The gathering marked the third anniversary of the Norfolk Southern Railway train derailment and subsequent fire in East Palestine, Ohio. U.S. Rep. Chris Deluzio (D-Pa.) and a bipartisan group of Congress members called for the Railway Safety Act bill to pass through the House Transportation and Infrastructure Committee or be included in upcoming surface transportation reauthorization legislation.
Deluzio, whose district is just across the Pennsylvania and Ohio border close to where the derailment occurred, introduced the bill last year. At the press conference, he called out big railroads for opposing his "commonsense" rail safety reforms.

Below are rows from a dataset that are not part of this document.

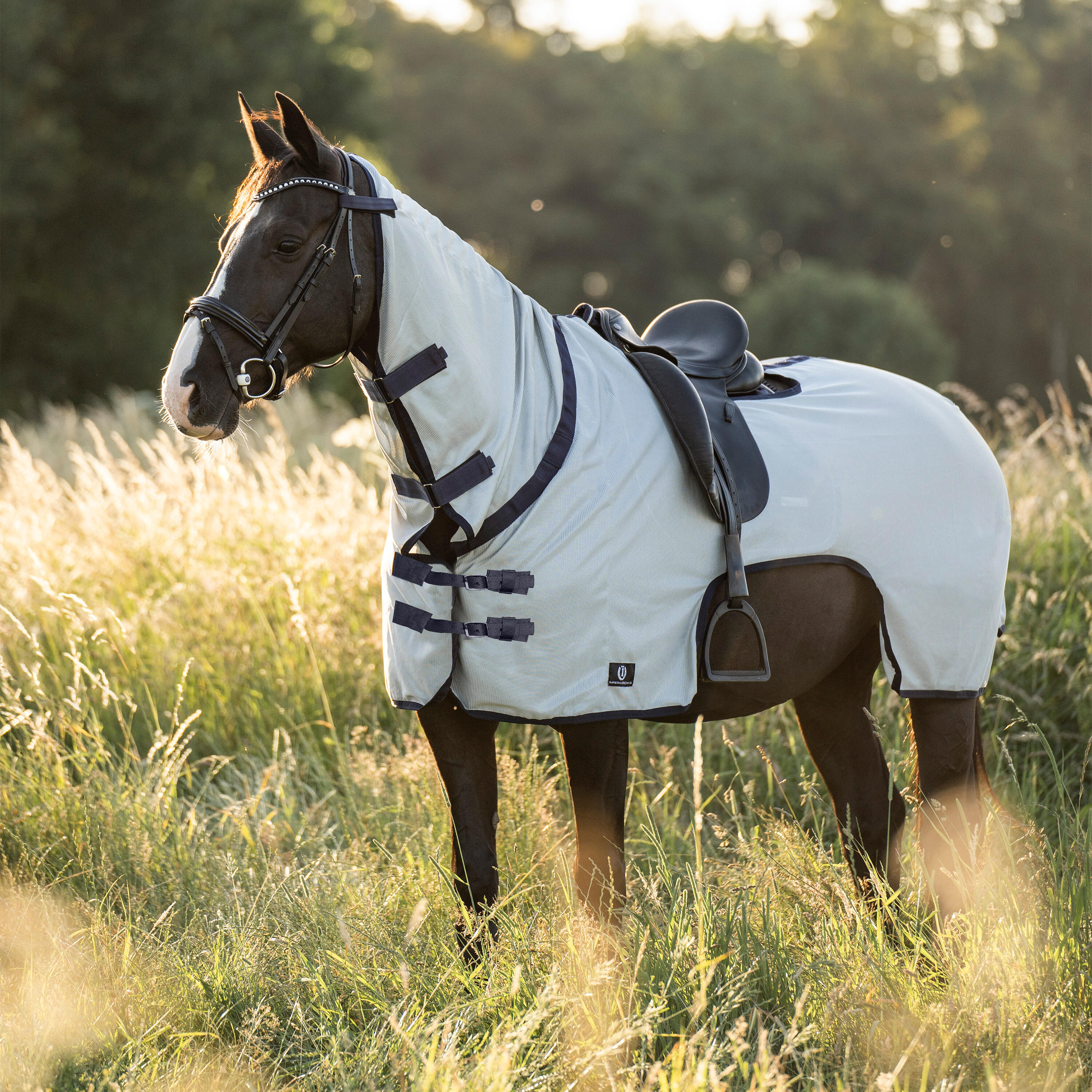 Paardendekens Imperial Riding Fly Royce 2/2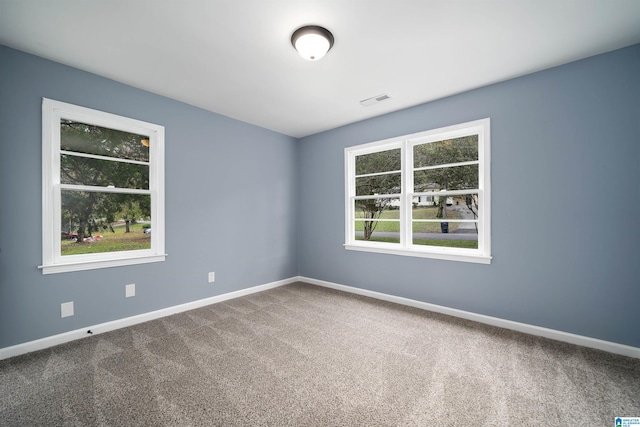 carpeted spare room featuring a wealth of natural light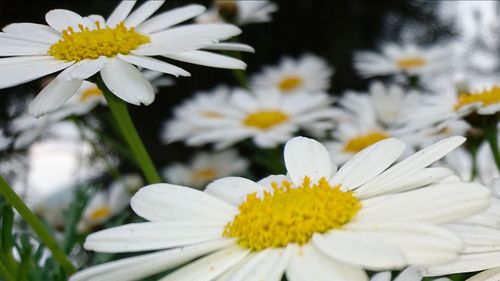 Close-up of daisies blooming outdoors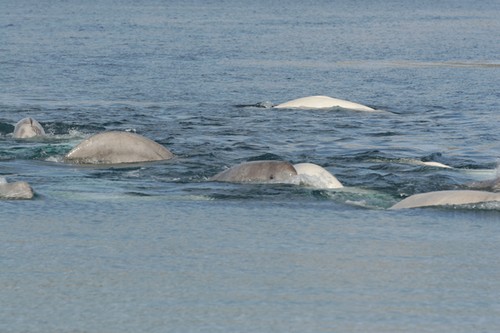 Beluga whales at Erebus Bay © SW
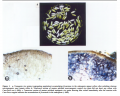 Thumbnail for version as of 08:58, 29 May 2014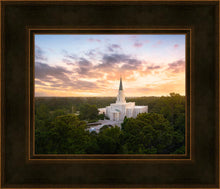 Load image into Gallery viewer, Houston from on High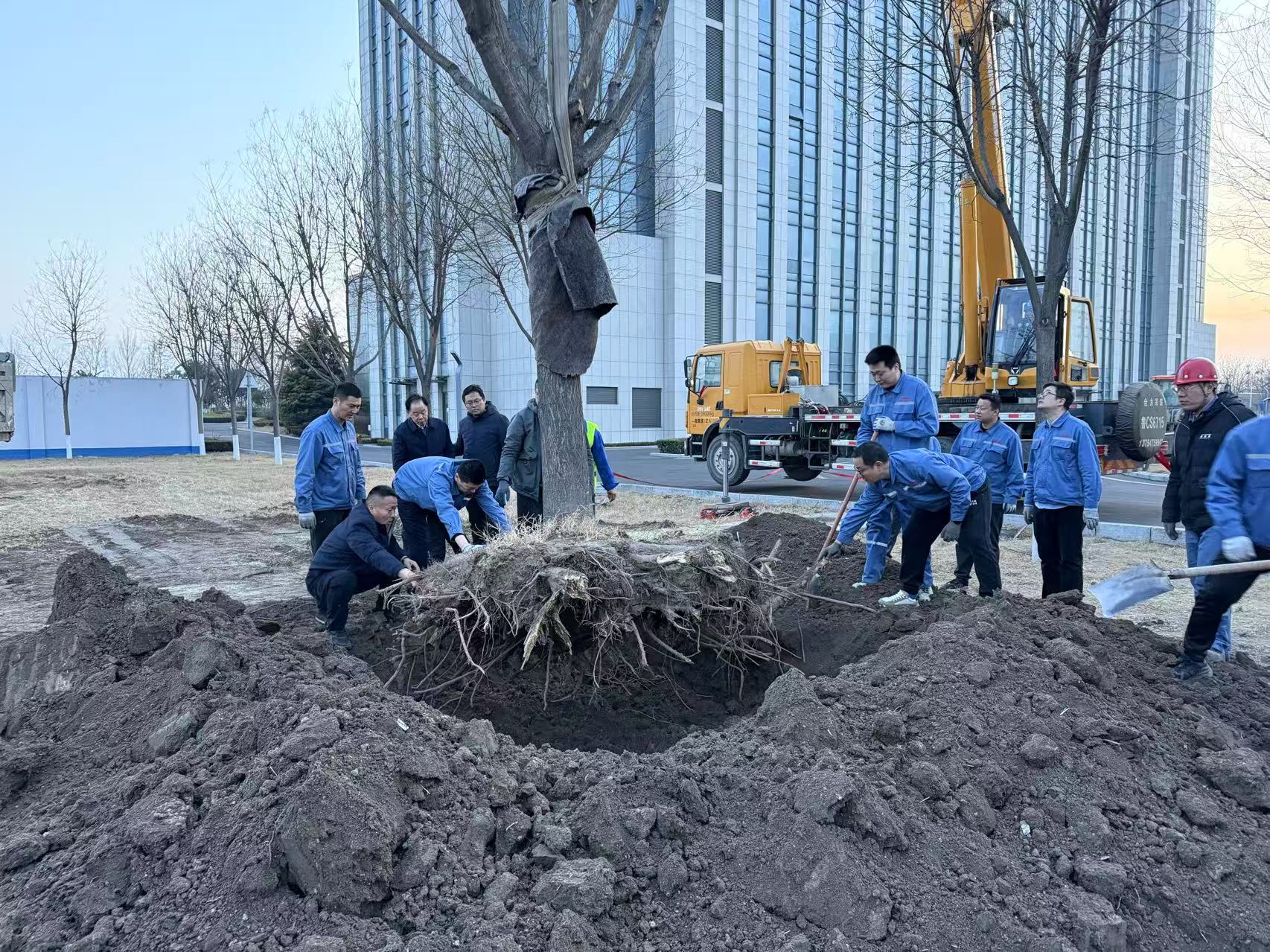 2025年3月1日J9集团干部职工合力栽下新春第一树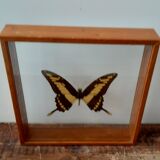 Butterfly frame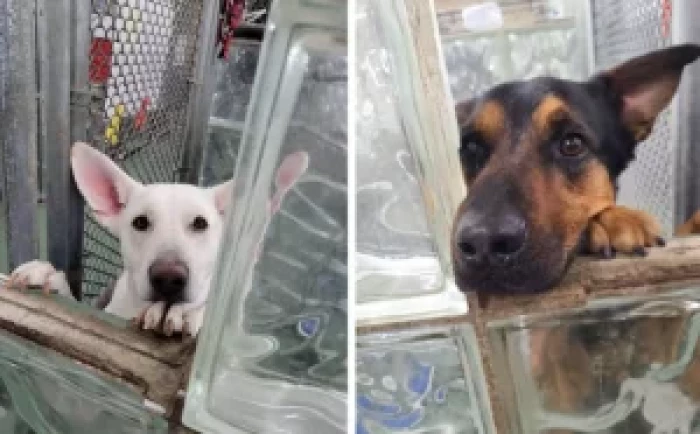 Sophia's affection clearly charmed Duke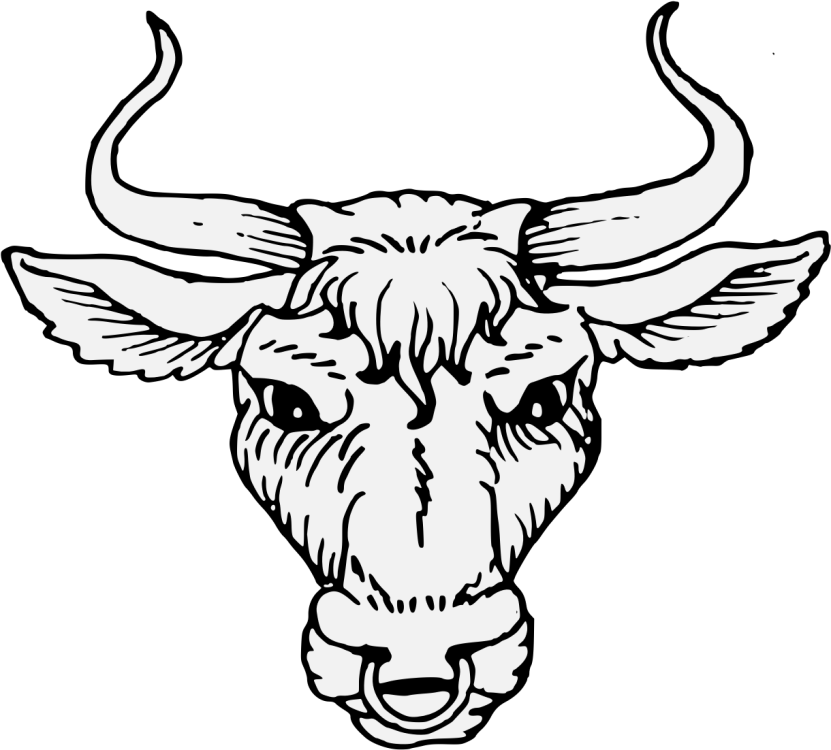 199-1994204_bulls-head-cabossed-heraldic-bull-head.png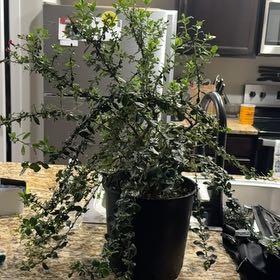 Photo of the plant species Red Elf Escallonia by @HeroRedmint21 named Winky on Greg, the plant care app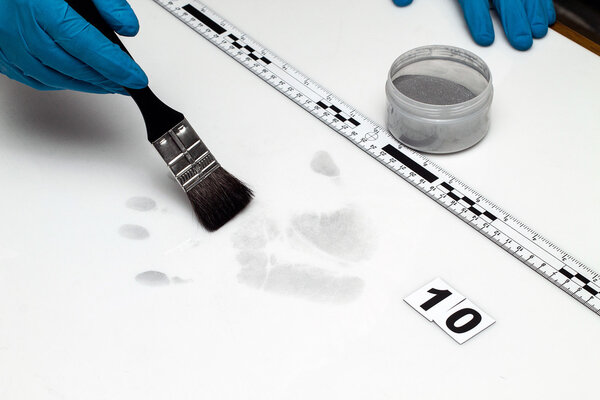 Отпечатки пальцев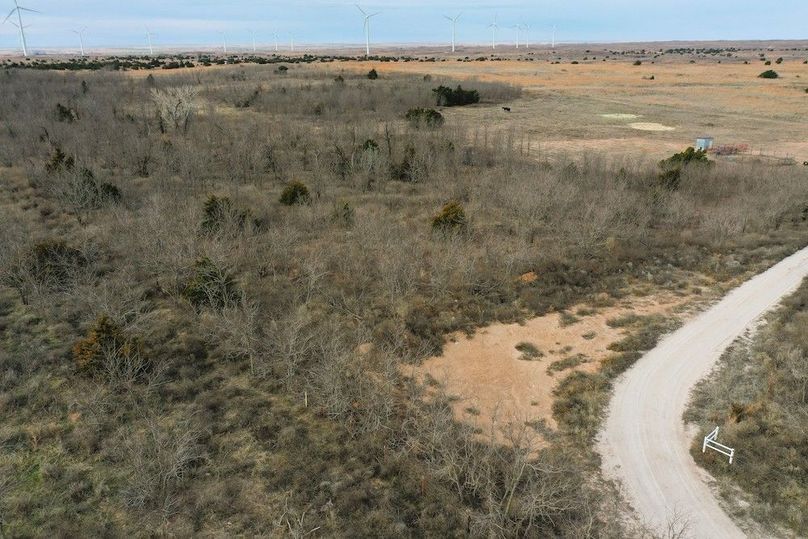 DJI_0576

"People in my community and our neighbors in Ohio demand action," Deluzio said in a press release. "We have to make rail safer, and that means standing strong against the corporate power that's working against the rest of us who live or work around the tracks. Enough already: let’s pass my bipartisan, commonsense Railway Safety Act.”
Deluzio serves on the House Transportation and Infrastructure Committee and its Subcommittee on Railroads, Pipelines and Hazardous Materials.
Following a lengthy investigation, the National Transportation Safety Board concluded that the Feb. 3, 2023, East Palestine derailment occurred because a bearing on a hopper car overheated and caused an axle to separate. The derailed equipment included 11 tank cars carrying hazardous materials.
Three of the hazardous-materials tank cars sustained mechanical breaches during the derailment and released flammable or combustible materials; five others released flammable gases as a result of fire exposure or deliberate breaching with explosives to perform a vent-and-burn procedure.